Task requirements — Beneath this instruction is a listing. Transcribe from it only the stretch from the line with "Speaking at a gala New" through the line with "Corgi No Fluffs", both end lines included, exactly as written.

Dataset records —

^^^^^^^^

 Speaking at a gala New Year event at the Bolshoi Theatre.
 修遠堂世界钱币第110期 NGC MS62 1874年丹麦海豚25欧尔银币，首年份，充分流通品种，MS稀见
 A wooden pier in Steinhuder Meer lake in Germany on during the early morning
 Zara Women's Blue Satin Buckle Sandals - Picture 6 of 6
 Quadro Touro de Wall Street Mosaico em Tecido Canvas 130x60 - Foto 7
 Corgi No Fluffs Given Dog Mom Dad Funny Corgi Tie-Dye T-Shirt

^^^^^^^^

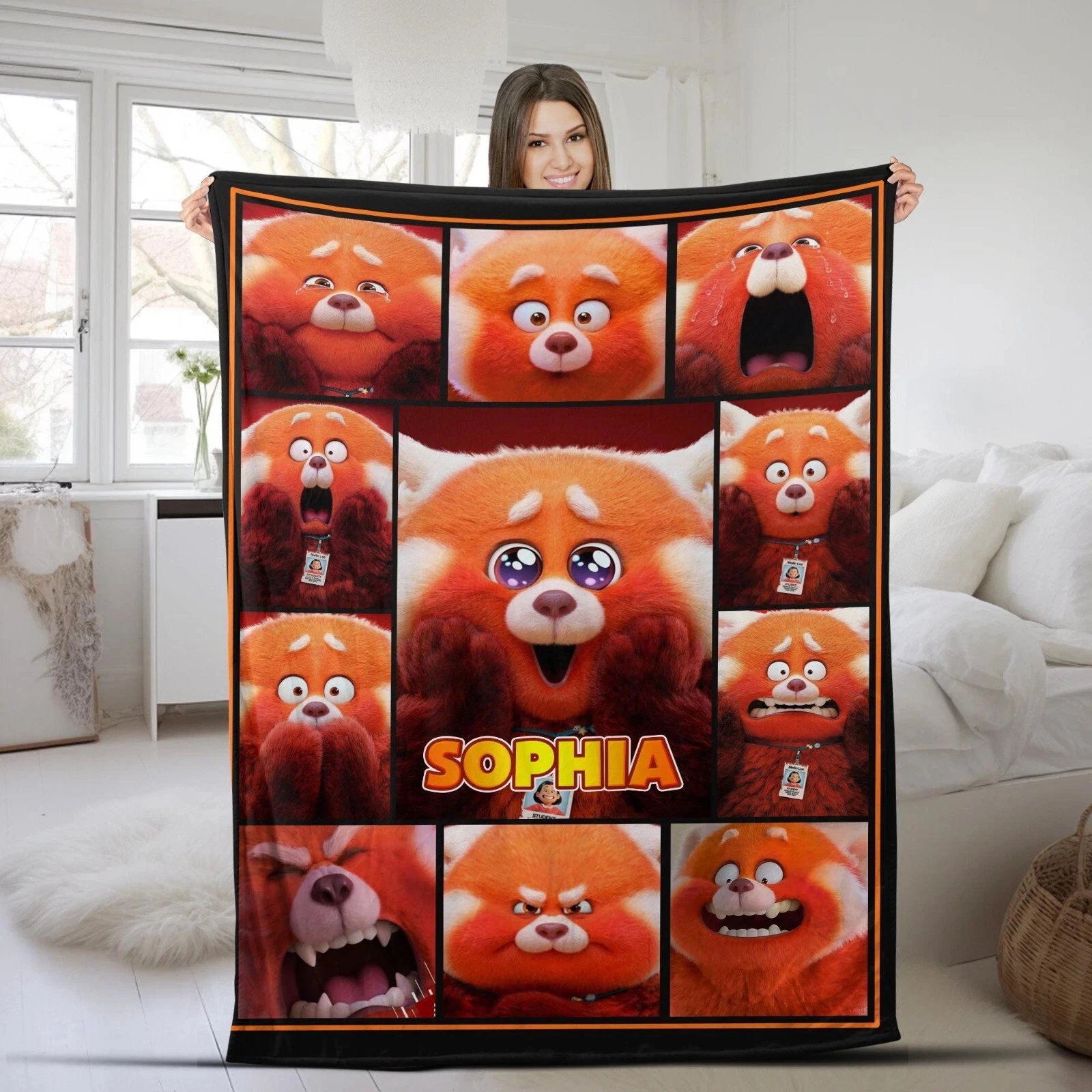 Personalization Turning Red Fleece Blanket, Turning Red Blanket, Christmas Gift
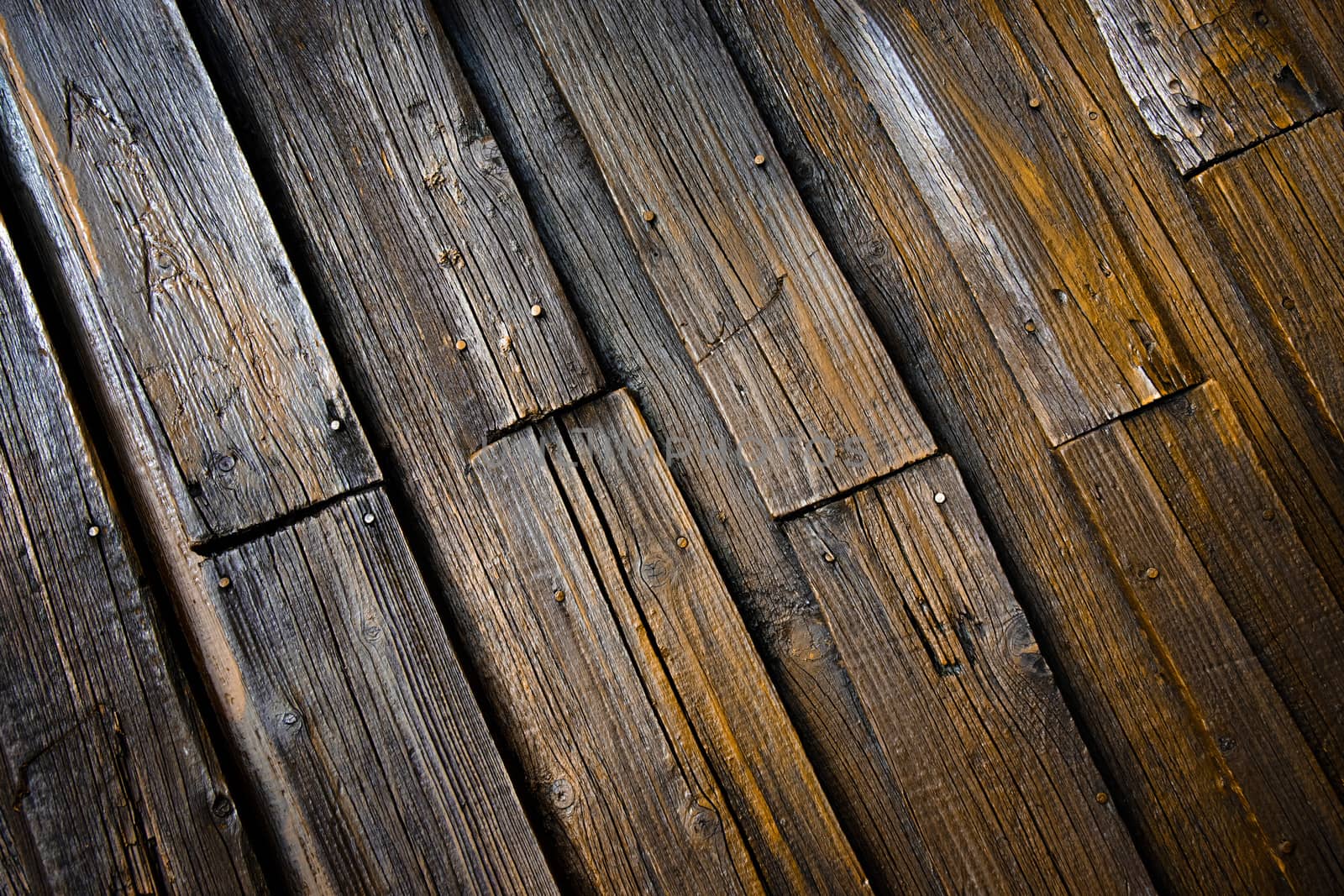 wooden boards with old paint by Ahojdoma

^^^^^^^^

Task solution —
 Speaking at a gala New Year event at the Bolshoi Theatre.
 修遠堂世界钱币第110期 NGC MS62 1874年丹麦海豚25欧尔银币，首年份，充分流通品种，MS稀见
 A wooden pier in Steinhuder Meer lake in Germany on during the early morning
 Zara Women's Blue Satin Buckle Sandals - Picture 6 of 6
 Quadro Touro de Wall Street Mosaico em Tecido Canvas 130x60 - Foto 7
 Corgi No Fluffs Given Dog Mom Dad Funny Corgi Tie-Dye T-Shirt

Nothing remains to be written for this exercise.